Paris Hilton, de 43 años, escribió un ensayo sincero para Teen Vogue en el que aborda uno de los temas que más le duelen. La estrella lleva muchos años luchando contra el TDAH. Paris señala que los primeros síntomas aparecieron en la infancia, pero que sus padres al principio no le dieron mucha importancia. Su constante “necesidad de estimulación”, combinada con dificultades en la escuela, la llevaron a ser enviada a una institución especializada para adolescentes con problemas: la Provo Canyon School, conocida por su severidad y disciplina. Hilton recuerda esos años con horror.

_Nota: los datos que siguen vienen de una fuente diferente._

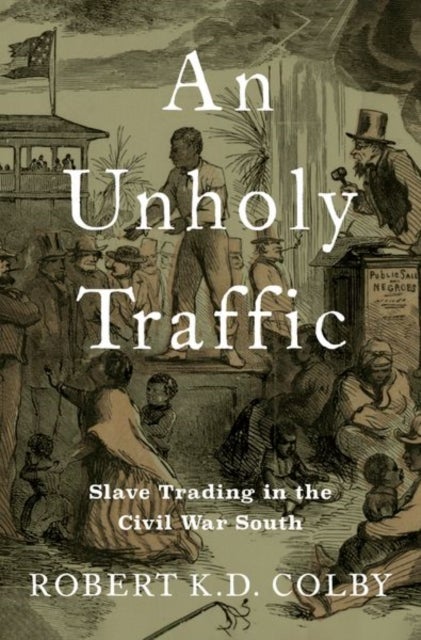 An Unholy Traffic - Slave Trading in the Civil War South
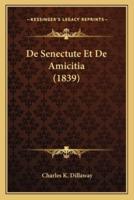 De Senectute Et De Amicitia (1839)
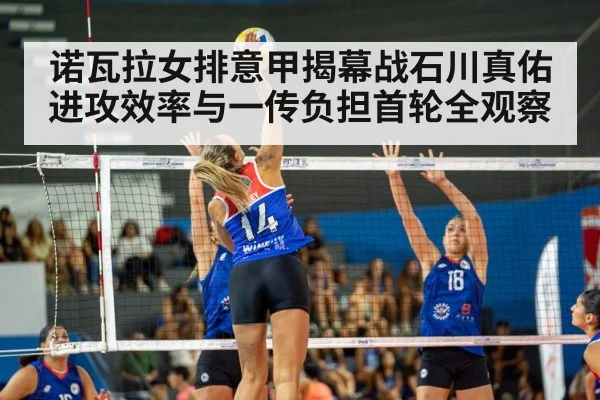 诺瓦拉女排意甲揭幕战石川真佑进攻效率与一传负担首轮全观察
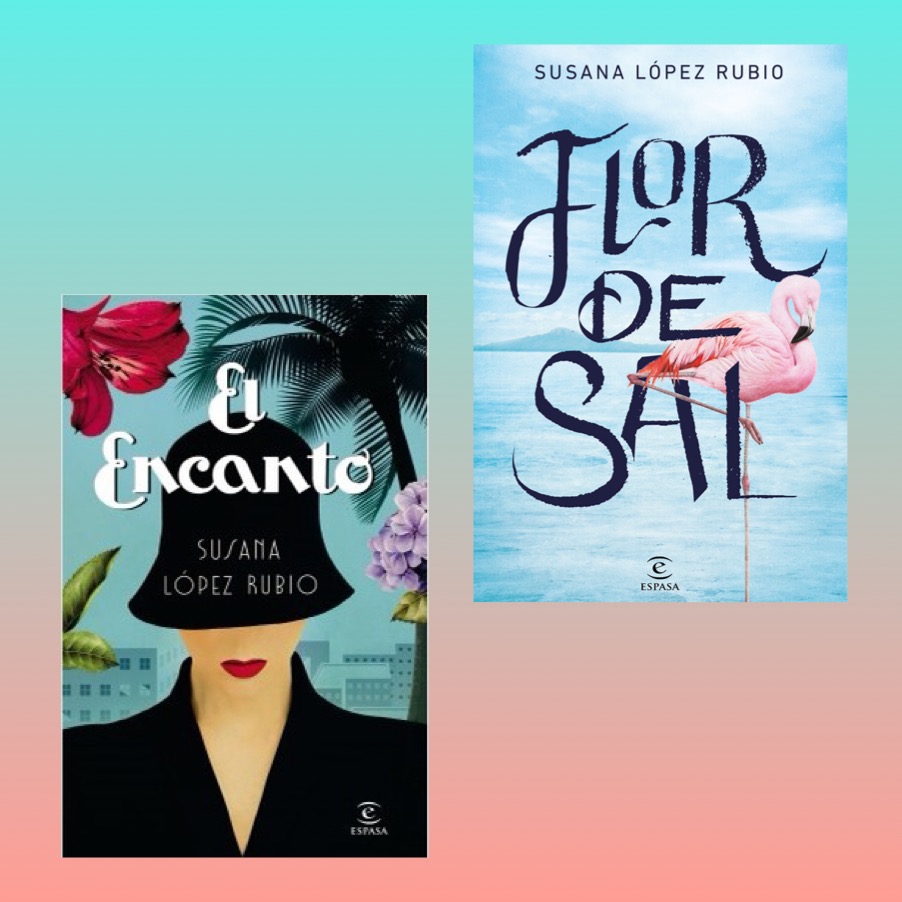 'Flor de sal' delicadeza y pasión en cada pasaje 3 Portadas de las novelas El encanto y Flor de Sal de Susana López Rubio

“Cuando era niña, siempre me decían que era demasiado enérgica, demasiado distraída, demasiado habladora; demasiado de todo”, reflexiona sobre su infancia. “Me hubiera gustado que alguien me hubiera preguntado: ‘¿Qué le pasa realmente?’. En cambio, pasé años sintiéndome incomprendida y castigada por el funcionamiento de mi cerebro. Me llevó muchos años comprender lo que realmente estaba sucediendo”.
Cuando a Paris le diagnosticaron oficialmente TDAH, no lo aceptó inmediatamente y lo mantuvo oculto al público durante mucho tiempo.

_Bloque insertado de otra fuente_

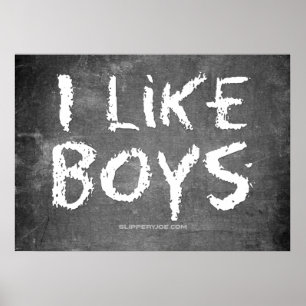 SlipperyJoe's I Like Boys dirty chalkboard dark te Poster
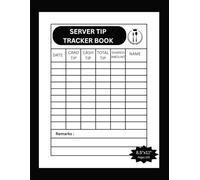 Server Tip Tracker Book: A Tip Tracker Log Book To Keeps Track Record Of Your Income For Hotels Motels Restaurant Servers/Waitresses/Bartenders Share Weekly/ Fortnight /Monthly Size 8.5"x11" Pages 120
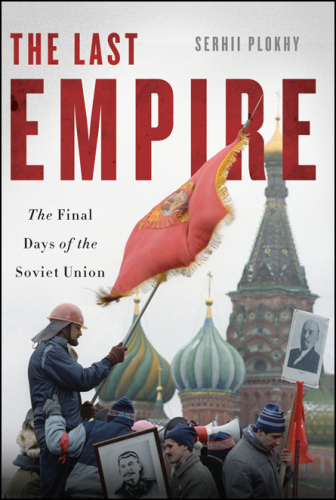 The last empire: the final days of the Soviet Union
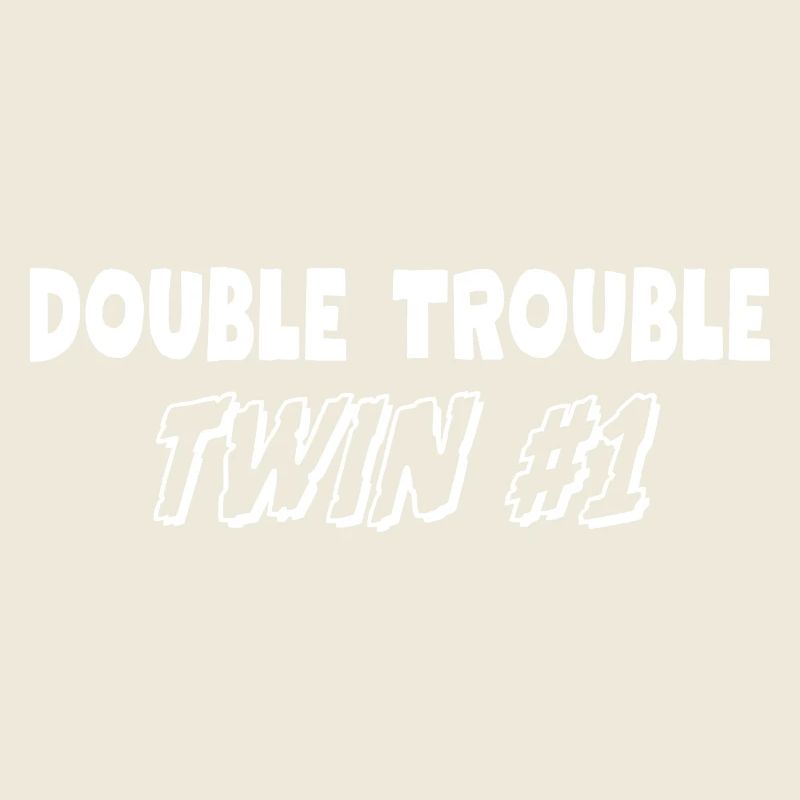 Double Trouble Twins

“Al principio, el diagnóstico me parecía una etiqueta, algo que me limitaba, definía lo que no podía hacer y me hacía sentir diferente. Solía ocultarlo, preocupada por cómo lo percibirían. ¿Qué pasaría si la gente pensara que estaba demasiado distraída, descentrada y que no tendría éxito?”

Con el tiempo, Hilton también descubrió algunos aspectos positivos.
“El otro lado del TDAH revela algo hermoso: creatividad, pasión, resiliencia y una mente que piensa de maneras audaces e inesperadas”.
Paris asegura que ahora ha aprendido a aceptar sus rasgos únicos y ya no ve el TDAH como una “limitación”. De hecho, lo ve como su “superpoder”.
“Es mi arma secreta en un mundo en el que a menudo nos dicen que debemos jugar a lo seguro. Mi mente no se mueve en línea recta, sino que zigzaguea y explora territorios inexplorados, lo que me permite traspasar límites y mantenerme a la vanguardia”.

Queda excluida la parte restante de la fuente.